══ Available data

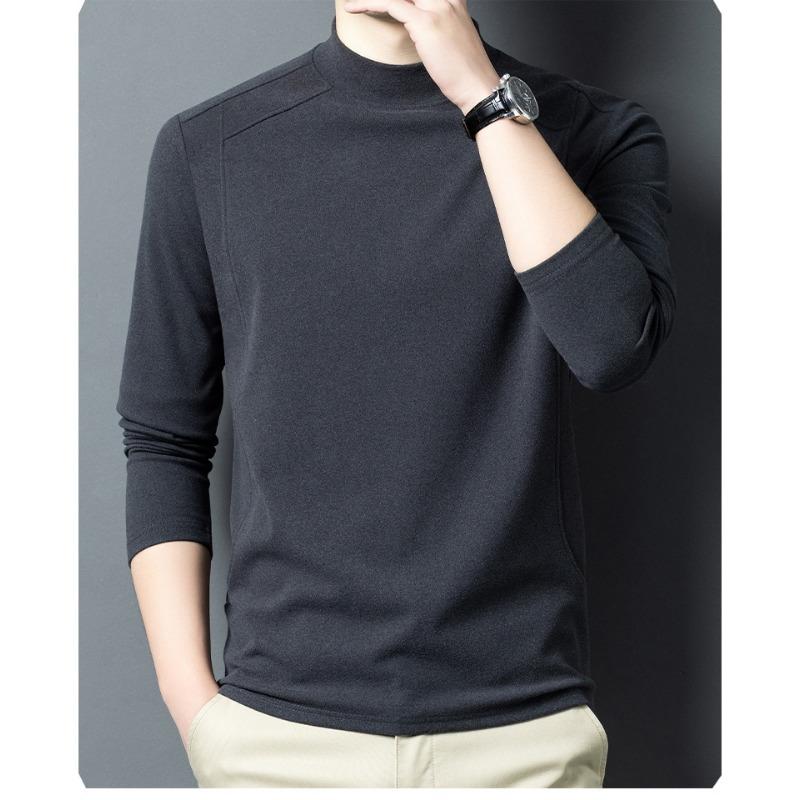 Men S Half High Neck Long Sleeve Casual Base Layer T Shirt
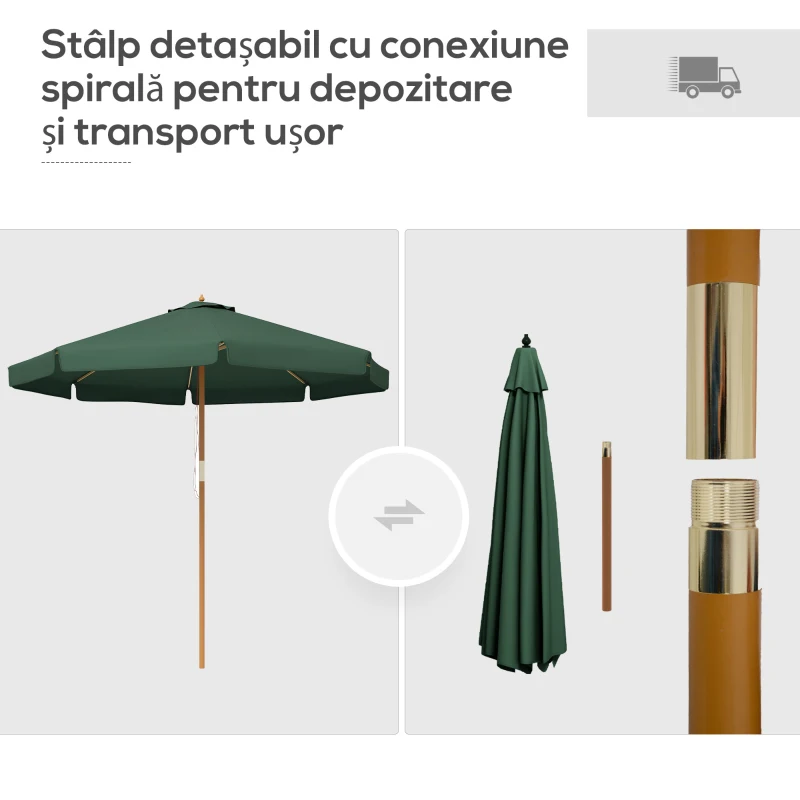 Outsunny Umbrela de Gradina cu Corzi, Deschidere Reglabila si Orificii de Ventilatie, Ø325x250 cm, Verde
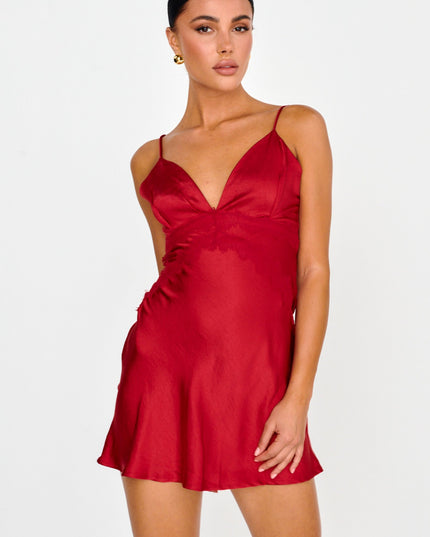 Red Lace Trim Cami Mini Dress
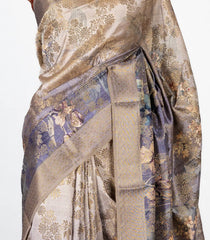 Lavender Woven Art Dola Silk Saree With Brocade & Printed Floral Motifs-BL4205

════

Work task: Leaving each image aside, repeat the listing above exactly.

Answer for this exercise:
 Men S Half High Neck Long Sleeve Casual Base Layer T Shirt
 Outsunny Umbrela de Gradina cu Corzi, Deschidere Reglabila si Orificii de Ventilatie, Ø325x250 cm, Verde
 Red Lace Trim Cami Mini Dress
 Lavender Woven Art Dola Silk Saree With Brocade & Printed Floral Motifs-BL4205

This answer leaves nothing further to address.